[Web page caption snippets]
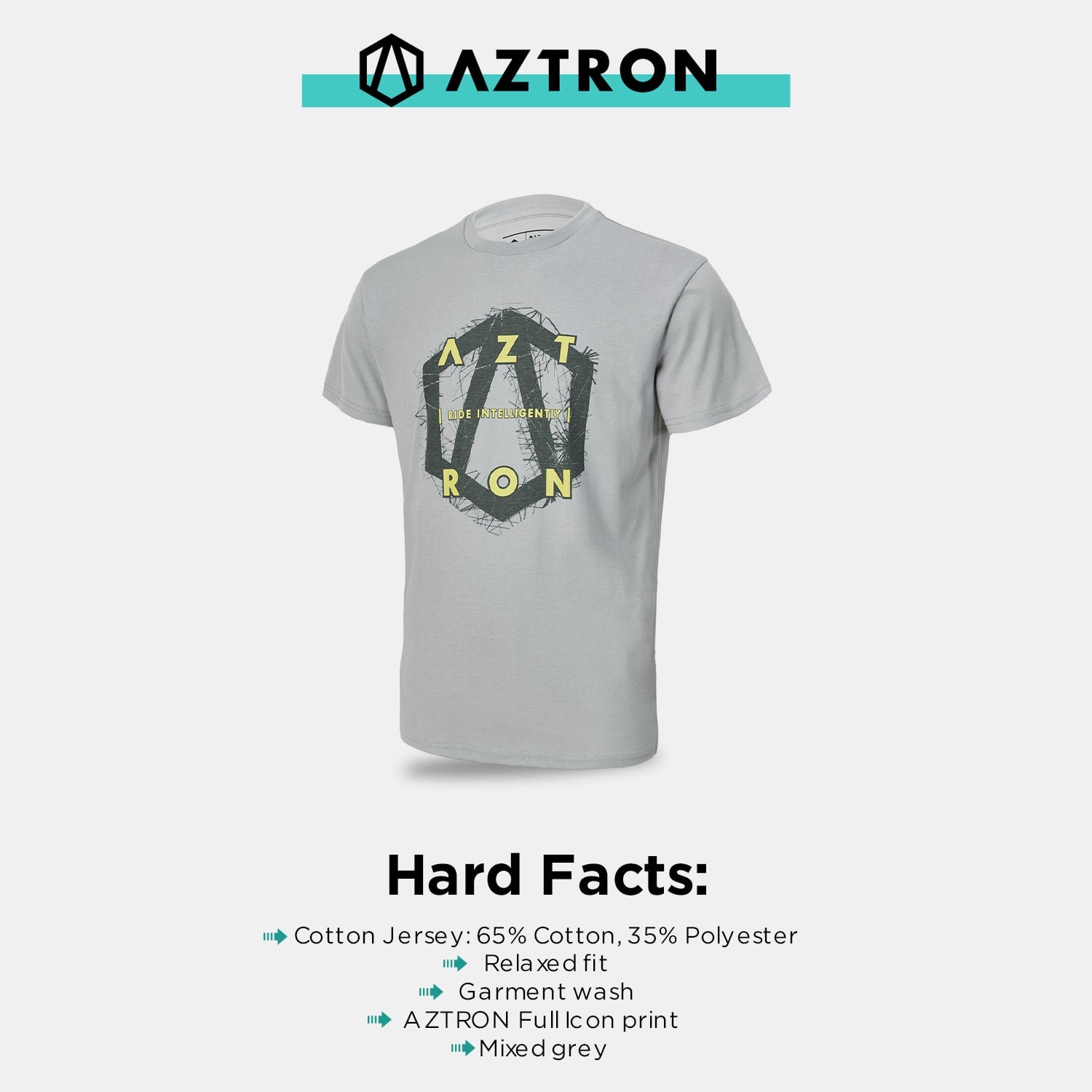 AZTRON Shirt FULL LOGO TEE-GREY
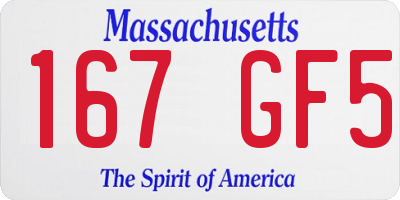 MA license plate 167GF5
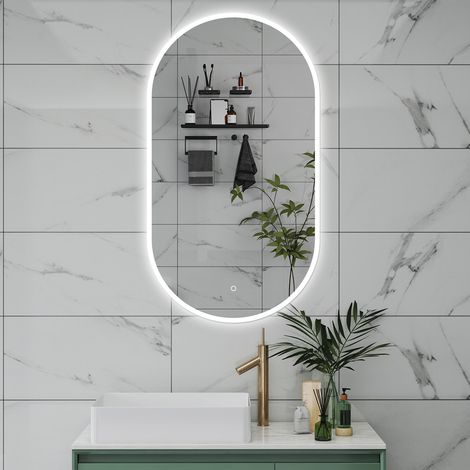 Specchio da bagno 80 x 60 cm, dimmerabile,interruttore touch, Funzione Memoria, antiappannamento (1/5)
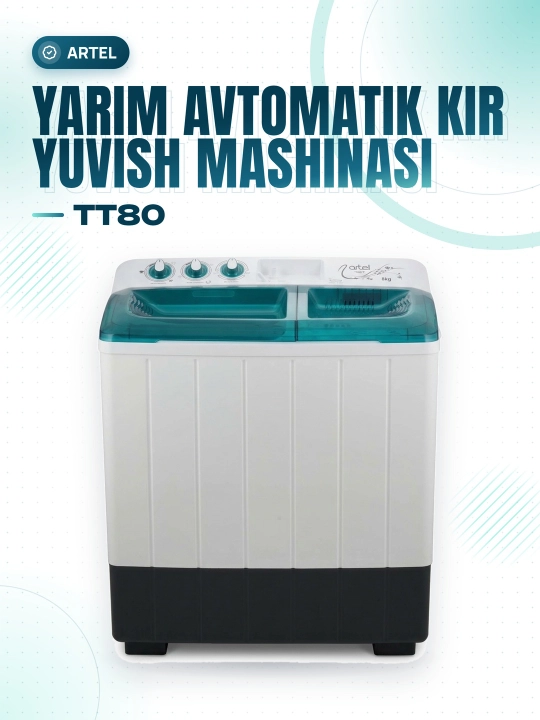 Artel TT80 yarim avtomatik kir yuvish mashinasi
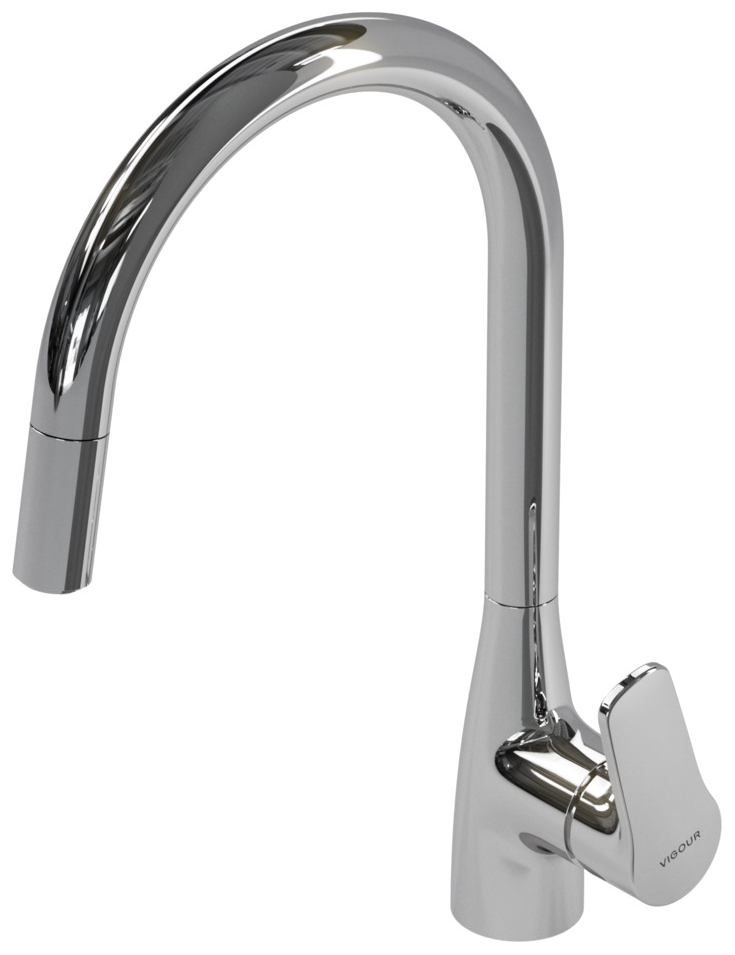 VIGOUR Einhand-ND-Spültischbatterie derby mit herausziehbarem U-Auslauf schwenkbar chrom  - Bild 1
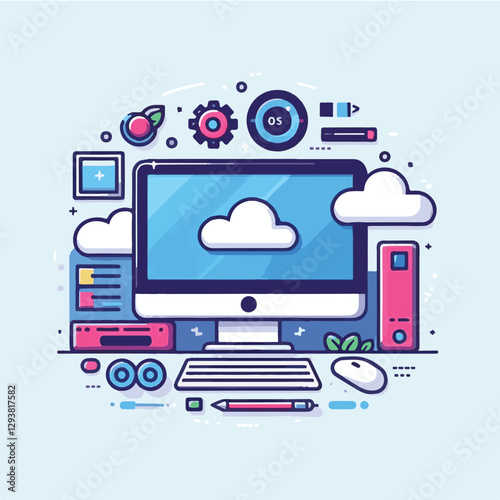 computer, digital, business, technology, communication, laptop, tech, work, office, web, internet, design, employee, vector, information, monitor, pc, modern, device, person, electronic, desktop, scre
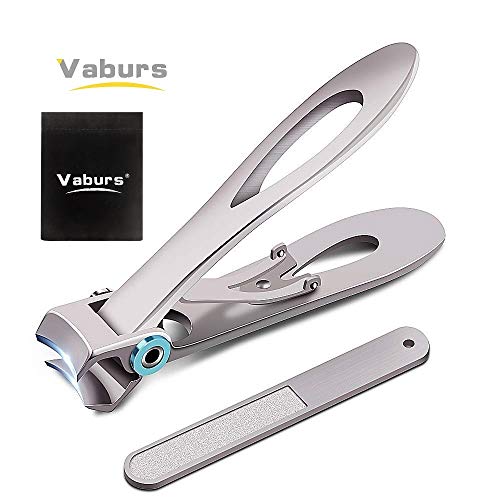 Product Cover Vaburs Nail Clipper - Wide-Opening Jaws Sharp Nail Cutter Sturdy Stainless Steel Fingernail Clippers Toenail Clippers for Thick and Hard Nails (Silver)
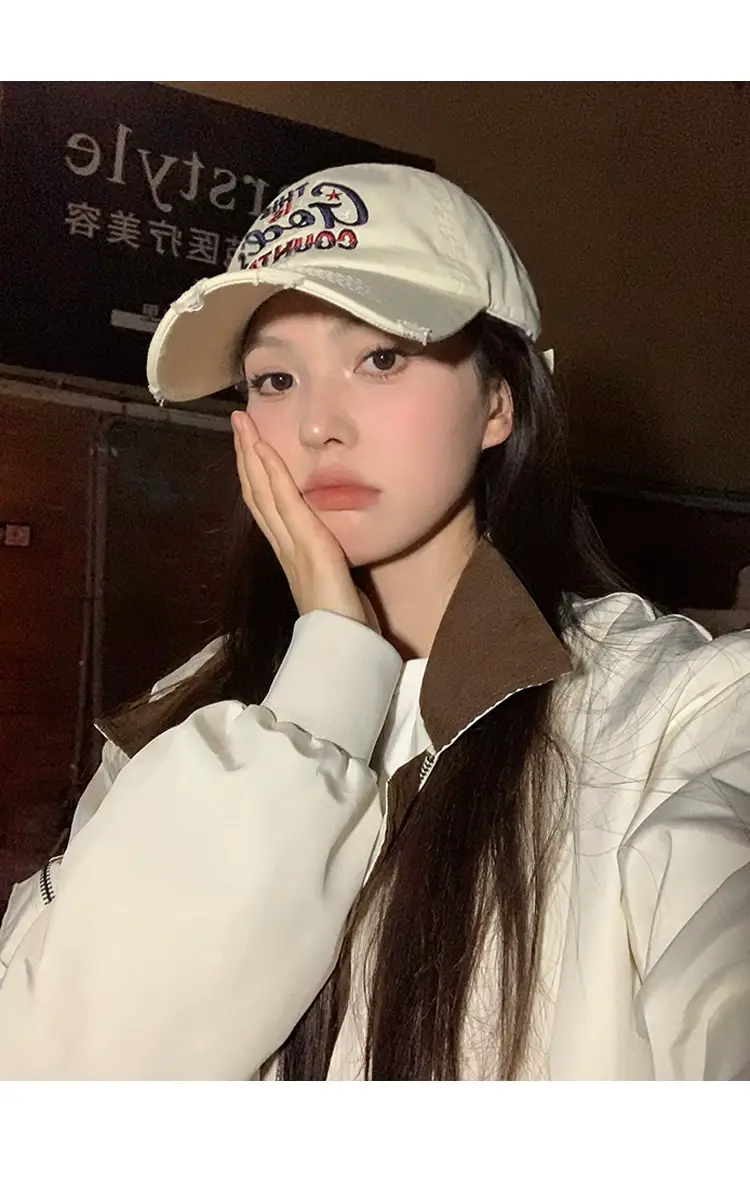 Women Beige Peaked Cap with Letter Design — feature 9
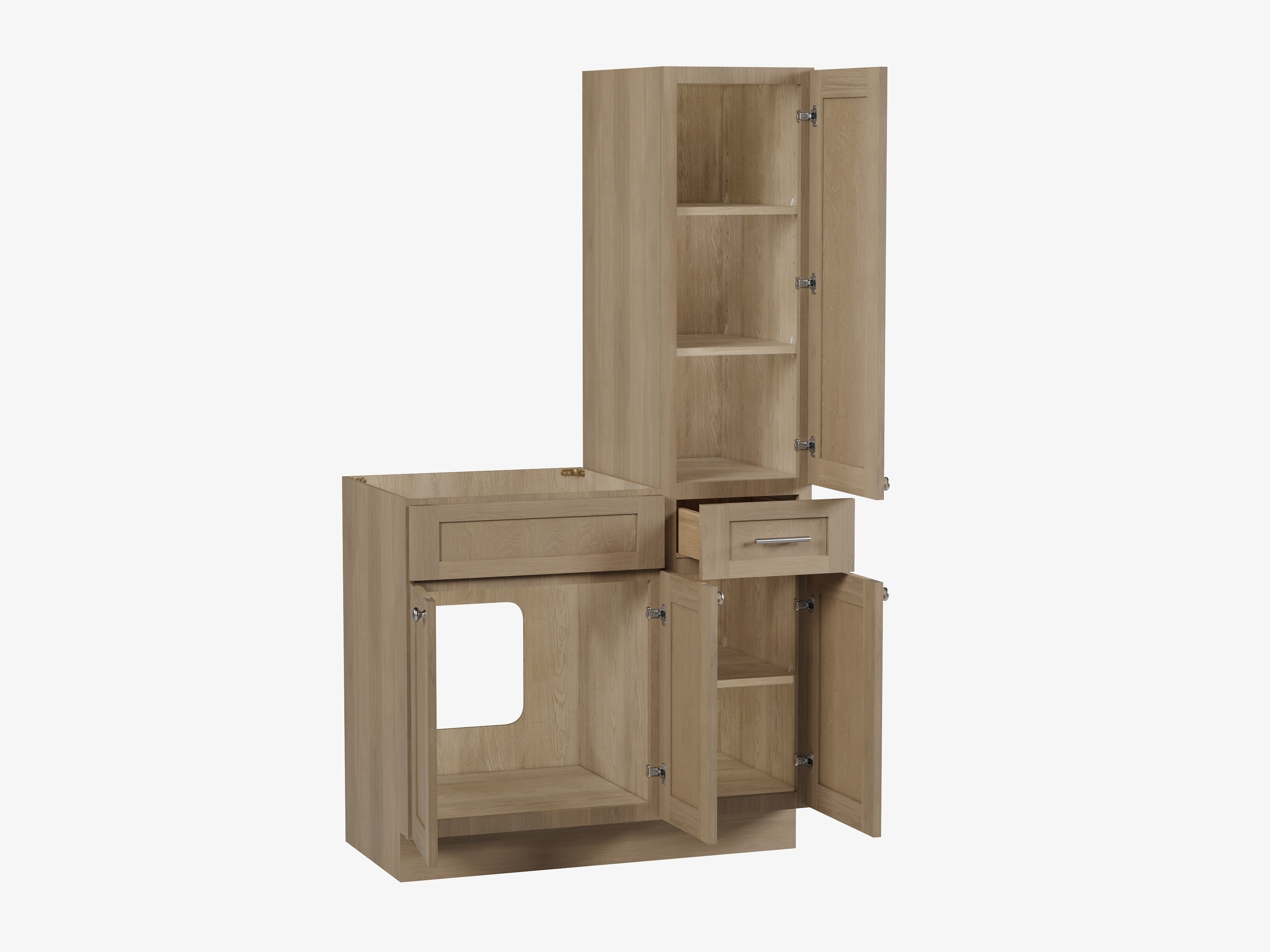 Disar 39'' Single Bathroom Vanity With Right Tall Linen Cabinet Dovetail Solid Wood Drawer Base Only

**PROBLEM STATEMENT**
Write out the data exactly, and exclude every picture it holds.

**EXERCISE RESULT**
 AZTRON Shirt FULL LOGO TEE-GREY
 MA license plate 167GF5
 Specchio da bagno 80 x 60 cm, dimmerabile,interruttore touch, Funzione Memoria, antiappannamento (1/5)
 Artel TT80 yarim avtomatik kir yuvish mashinasi
 VIGOUR Einhand-ND-Spültischbatterie derby mit herausziehbarem U-Auslauf schwenkbar chrom  - Bild 1
 computer, digital, business, technology, communication, laptop, tech, work, office, web, internet, design, employee, vector, information, monitor, pc, modern, device, person, electronic, desktop, scre
 Product Cover Vaburs Nail Clipper - Wide-Opening Jaws Sharp Nail Cutter Sturdy Stainless Steel Fingernail Clippers Toenail Clippers for Thick and Hard Nails (Silver)
 Women Beige Peaked Cap with Letter Design — feature 9
 Disar 39'' Single Bathroom Vanity With Right Tall Linen Cabinet Dovetail Solid Wood Drawer Base Only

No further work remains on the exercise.